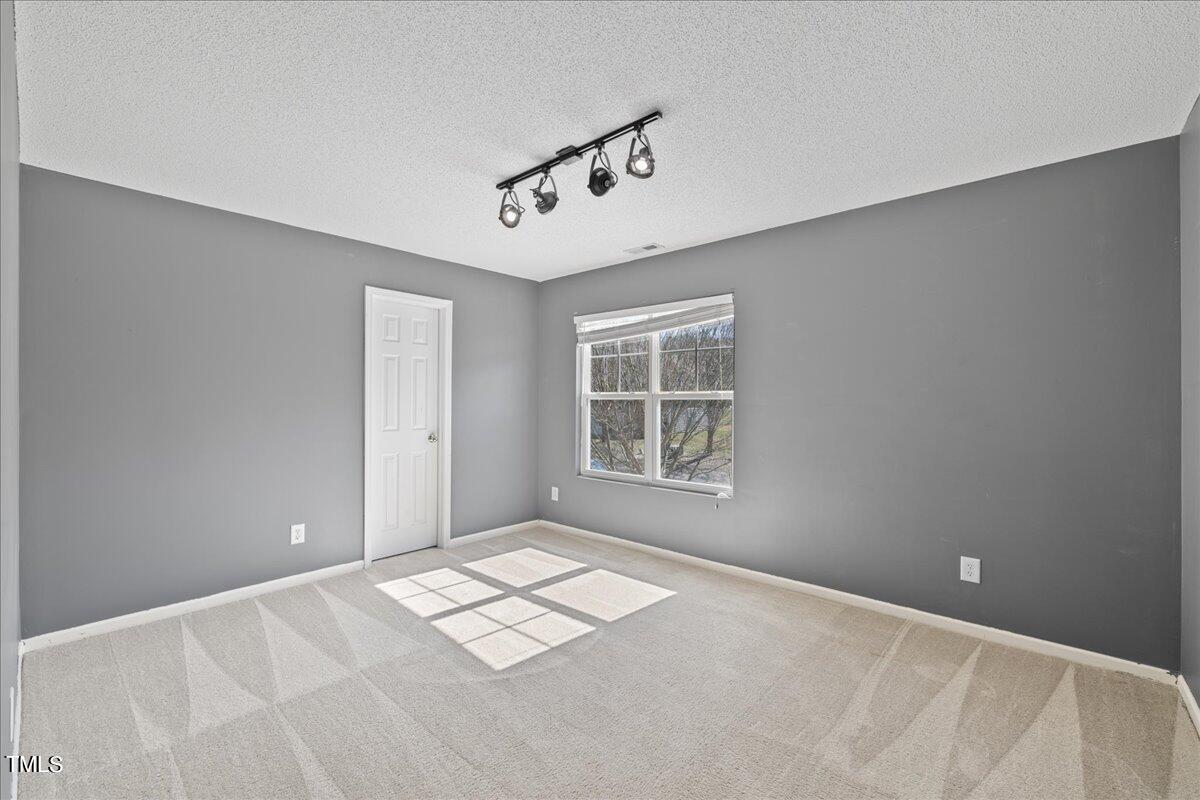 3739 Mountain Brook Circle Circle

...

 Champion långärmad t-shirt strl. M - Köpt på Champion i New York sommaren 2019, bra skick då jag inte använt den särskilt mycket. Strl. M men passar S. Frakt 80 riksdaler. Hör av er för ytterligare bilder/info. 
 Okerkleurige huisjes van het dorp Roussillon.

> REQUIRED WORK: Give back exactly the lines above starting at the line where "Champion långärmad t-shirt" appears and ending at the line where "Okerkleurige huisjes van" appears, both included, with no other lines.

> EXERCISE ANSWER:
 Champion långärmad t-shirt strl. M - Köpt på Champion i New York sommaren 2019, bra skick då jag inte använt den särskilt mycket. Strl. M men passar S. Frakt 80 riksdaler. Hör av er för ytterligare bilder/info. 
 Okerkleurige huisjes van het dorp Roussillon.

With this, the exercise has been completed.